Wen-chung, Chou, "Asian Music and Western Composition," in Dictionary of Contemporary Music, ed. by John Vinton (New York: E. P. Dutton, 1974), 22-29.

This is a very informative article, but it has too much information in one paragraph. This confuses me sometime. An example can be seen in a paragraph on Stravinsky and Bartok (p. 22, right-hand side column). Actually, he does not discuss Bartok at all in one paragraph, different from the topic sentence. I would begin that paragraph as this: "The source of Stravinsky's Asian influence cannot be satisfactorily as certained."



Tuesday, 3 February 1998--Thursday 5 February 1998

Sorry. Not in this site.



February 6 1998

Caroline Potter, Henri Dutilleux: His Life and Works (Aldershot, England: Ashgate, 1997).

Henry Dutilleux is one of the most prominent French composers in the twentieth century. He does not compose a lot, but each piece is well-thought and elaborated. His music display solid compositional technique and gives convincing musical expression supported by the technique.

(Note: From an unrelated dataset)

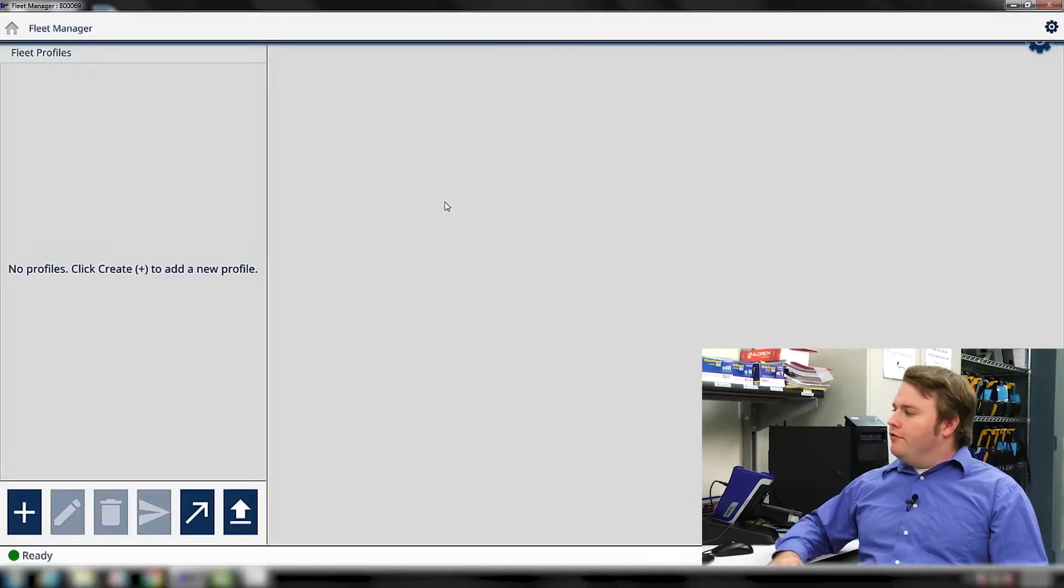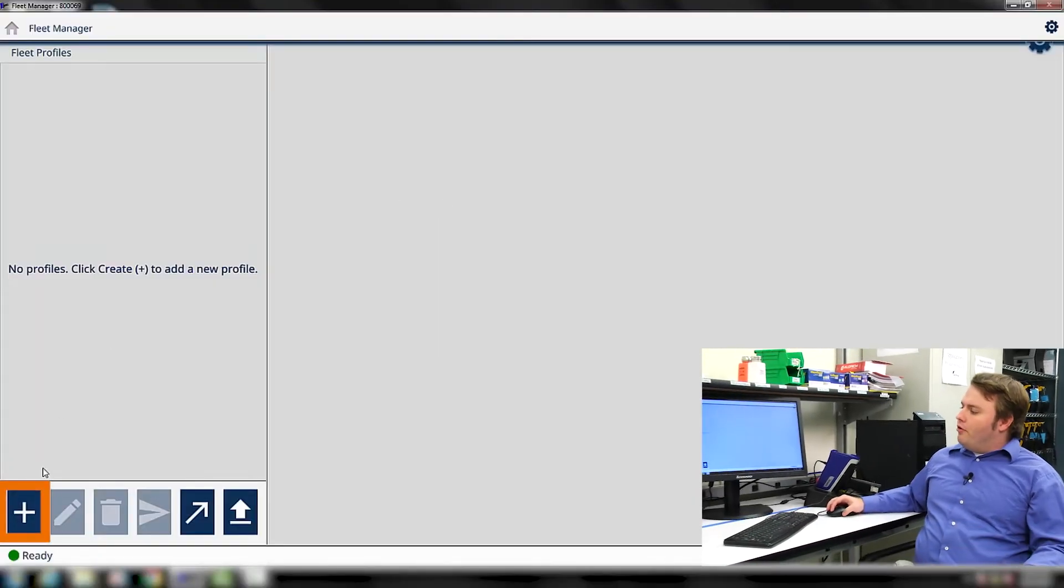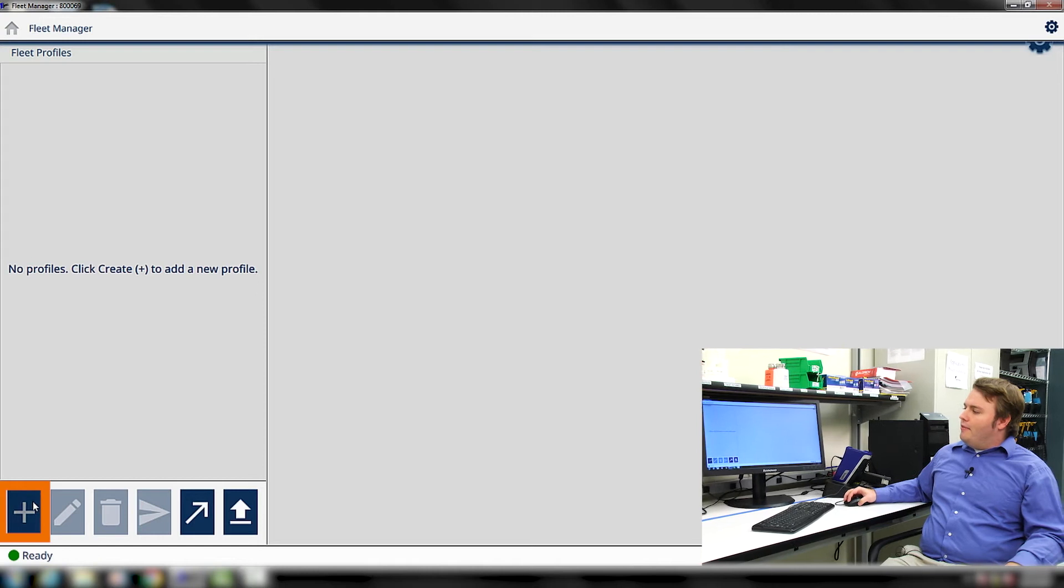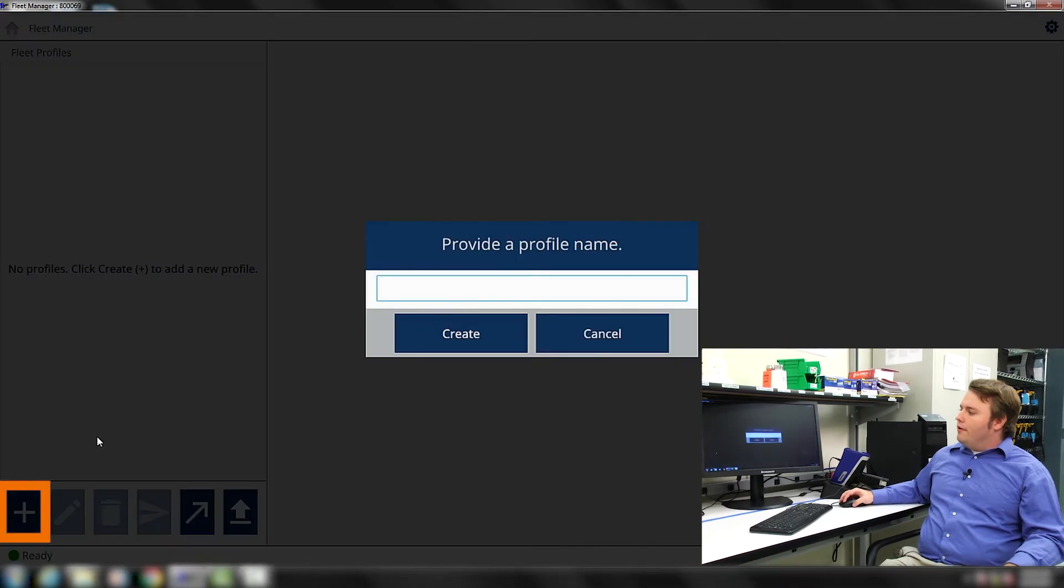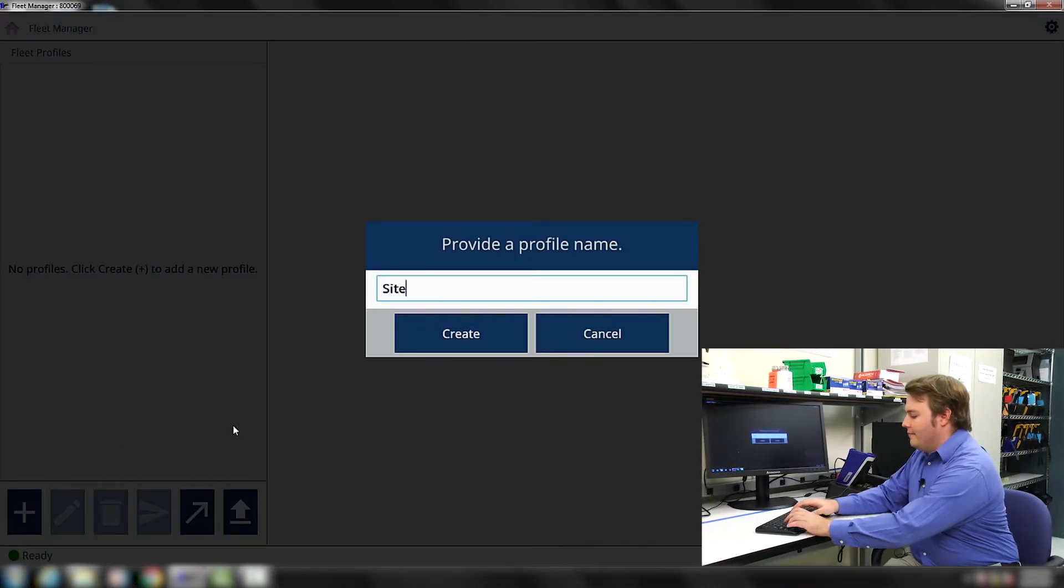Let's start off by creating a new Fleet Profile. You can create a new Fleet Profile by pressing the plus icon in the bottom left-hand corner. We're going to call our Fleet Profile Site A.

This Potter book is the first English-language book on Dutilleux (I know of two books in French; my friend was writing a Master Thesis in a Japanese university by using these books). This is a bit surprising for me. Is nobody in the U. S. interested in his music?

Anyway, Potter uses much information taken from the interviews that she conducted. The information is indispensable and vitally used throughout the book, not only to the biographical accounts but also to the discussion of Dutillex's compositions.

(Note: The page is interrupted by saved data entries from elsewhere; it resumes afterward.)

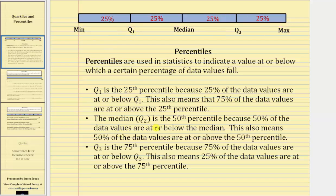The median, or Q2, is the 50th percentile because 50% of the data values are at or below the median. This also means that 50% of the data values are at or above the 50th percentile.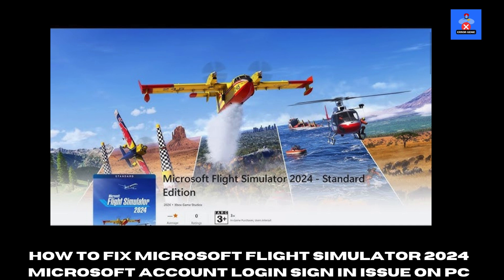Hello everyone, welcome to Error Genie, your go-to source for troubleshooting tech issues. If you're unable to log in to Microsoft Flight Simulator 2024 due to error codes or login issues, this video has you covered. Follow these clear step-by-step instructions to resolve the problem quickly.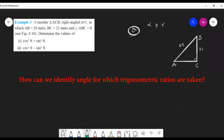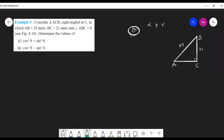Angle ABC = θ means θ is at vertex B. The middle letter in the angle name is the vertex. So the angle at B is θ. We want to find cos²θ + sin²θ and cos²θ − sin²θ. First, we need to find AC using the Pythagorean theorem: AB² = AC² + BC². Substituting, 29² = AC² + 21².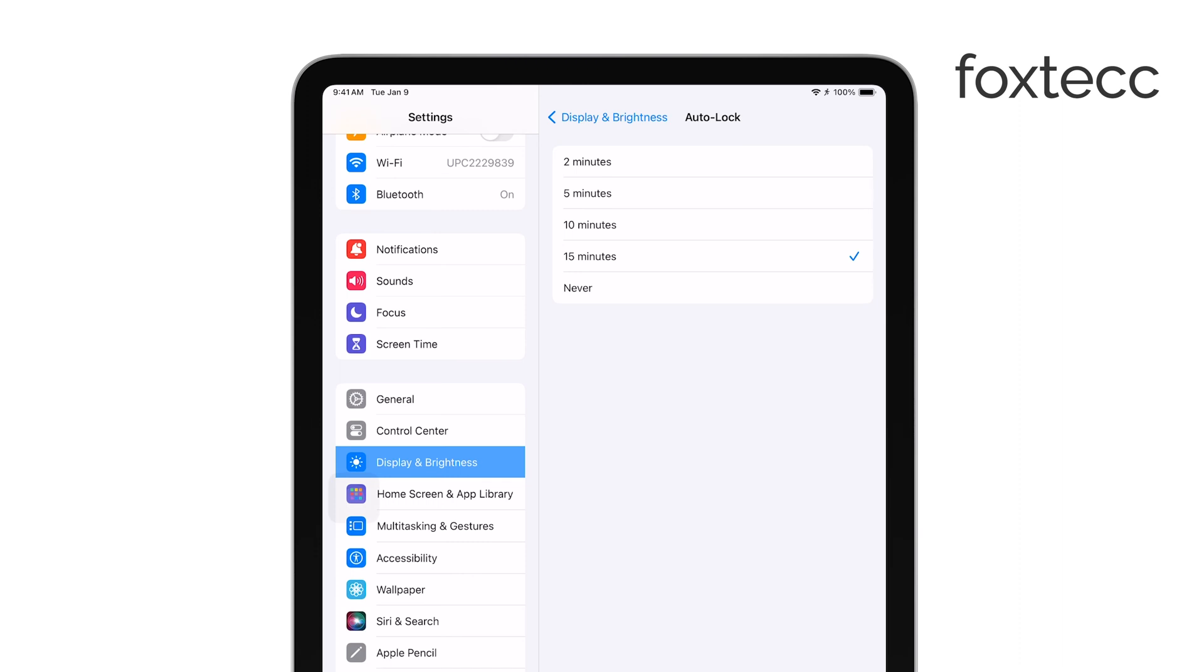Select the time interval that best suits your needs. For example, if you prefer a longer timeout, you might choose 5 or 10 minutes, which is useful if you're reading or following along with instructions.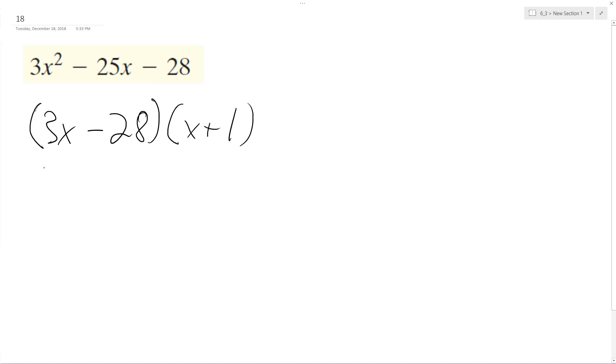All right, so multiplying this out, 3x times x is 3x squared, plus 3x, I'm just foiling things out, minus 28x, and then minus 28.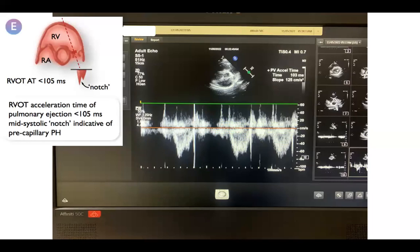I placed a continuous wave over the pulmonary valve, but there was no pulmonary regurgitant jet, so I couldn't measure the peak pulmonary regurgitant velocity or the late end-diastolic pulmonary regurgitant velocity to calculate the mean or diastolic pulmonary artery pressure. However, this was the first positive sign suggestive of pulmonary hypertension in this case: the acceleration time is 103 ms, which is less than 105.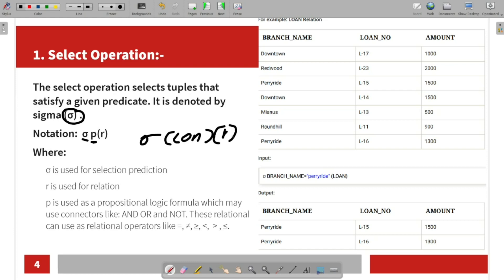For example, using the Loan table: the attributes include loan number, branch name, and amount. The input is: Select where branch-name equals a certain condition — that condition is applied to the Loan table as the relation. The rows that satisfy the condition are given as output.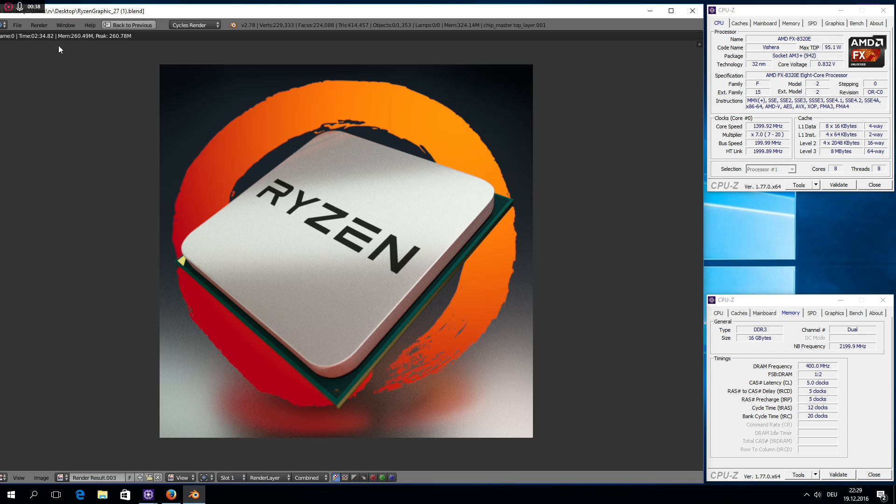So clock-to-clock with Ryzen we get an impressive 400% improvement over AMD's last high-performance core, Piledriver, which is great. But how can this be so high? I will try to give an explanation here.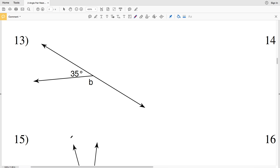In this video we're continuing on with the CUDA software free worksheet under the geometry tab, angle pair relationships. In the previous video we quickly went over linear pair, vertical angle, complementary angle, and adjacent angles, and we're using those definitions to figure out the measure of angle B.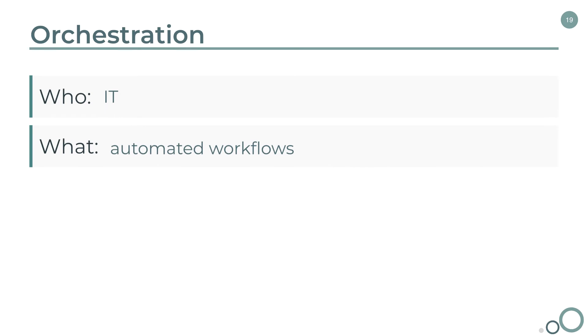What? ServiceNow orchestration is primarily administered through orchestration workflow activities.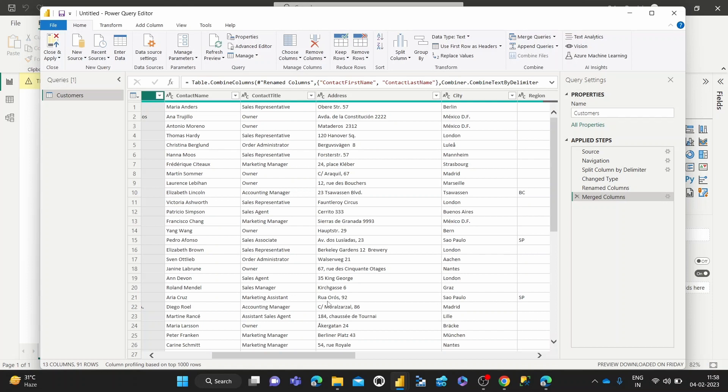And I'm using it through the Power BI Desktop app on Windows. There's a link in my description if you want to download the Power BI Desktop app for Windows, which is a free way to use the Power Query Editor.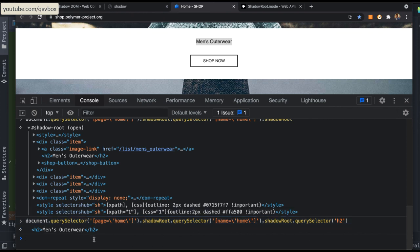Now that we can access shadow DOM using JavaScript, it becomes easier to implement in Selenium with Java as well. We will see how to deal with it in Selenium in our upcoming sessions, along with a utility method where you can handle both open and closed shadow roots. I hope this session was helpful in getting an idea about shadow DOM. Stay tuned for more Selenium with Java topics. Thank you for watching.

Her analysis section in this book, probably written as a doctoral dissertation originally, is very straight forward and somewhat technical. One may need scores at hand.

I like the chapter titled "Dutilleux and the contemporary musical world," because it has a more critical view of the composer in a broader context, if not a historical context. Dutilleux was an independent composer and does not belong to any "school." That is probably why he has not been known to the outside of France. Critics/musicologists tends to have certain group of people or one big "key word" to make a historical narrative so that their story can be somehow generic. There are many composer, I assume, who do not belong to the historical currents, even thought they are writing absolutely wonderful music.



7-24 February 1998

Sorry. Not in this site.



Wednesday, 25 February 1998.
Joscelyn Godwin, "The Music of Henry Cowell," Ph.D. diss., Cornell University, 1969.

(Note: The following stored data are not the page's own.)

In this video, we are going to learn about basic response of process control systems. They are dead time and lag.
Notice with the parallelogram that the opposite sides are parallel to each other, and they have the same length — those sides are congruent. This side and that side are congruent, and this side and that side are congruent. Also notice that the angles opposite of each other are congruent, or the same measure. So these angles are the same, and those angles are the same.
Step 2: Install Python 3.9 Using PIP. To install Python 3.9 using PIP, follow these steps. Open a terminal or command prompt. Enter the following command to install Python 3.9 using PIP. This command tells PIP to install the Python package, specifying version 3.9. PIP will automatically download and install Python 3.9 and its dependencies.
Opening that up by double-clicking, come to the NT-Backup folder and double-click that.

The discussion of The Oriental Music (Chapter VI) starts with Cowell's biographical information that includes his experiences with Asian music cultures. However, at the middle of the discussion, the author shifts the subject to the orientalism found in other composers, including European composers such as Messiaen and Britten. This chapter suddenly ends at the middle of discussion (European music's orientalism) and does not have any summary.

Such an organization seems unusual for a formal writing, I guess. Probably, I would begin the chapter with a more general issue of orientalism (maybe from impressionists' treatment of orientalism; maybe from American "impressionist," Charles Tomlinson Griffes).
Then, I would start talking about Cowell's biographical accounts.

Sentences may be more refined and focused.



26-27 Febrary 1998.

Sorry. Not in this site!


Saturday 28 February 1998.

Michael Griffel, "The Sonata Design in Chipin's Ballades," Current Musicology 36 (1983): 125-136.

Musicologist argues that some of Liszt's tone poems follws the sonata form. It may not be, then, suprising that this authour claimes that Chipin wrote four Ballades by following the sonata form. The problem, however, is how much one can be so certain about that theory. Do we have to ignore that the composer's contemporaries did not think that Ballades were written in a sonata form but in a free form?

Griffel emphasises that Ballades are written not just in quasi sonata form, but in the actual sonata form. He tries to prove his theory by putting every Ballade into a sonata mold he establish on page 127.

The more he discusses each Ballad in detail, the more the reader finds deviation from the sonata form in the Ballad, and the more I have to think that a Ballad would be written in quasi sonata from, rather than in the actual sonata form.

Griffel should have included musical example with which he could support himself more strongly.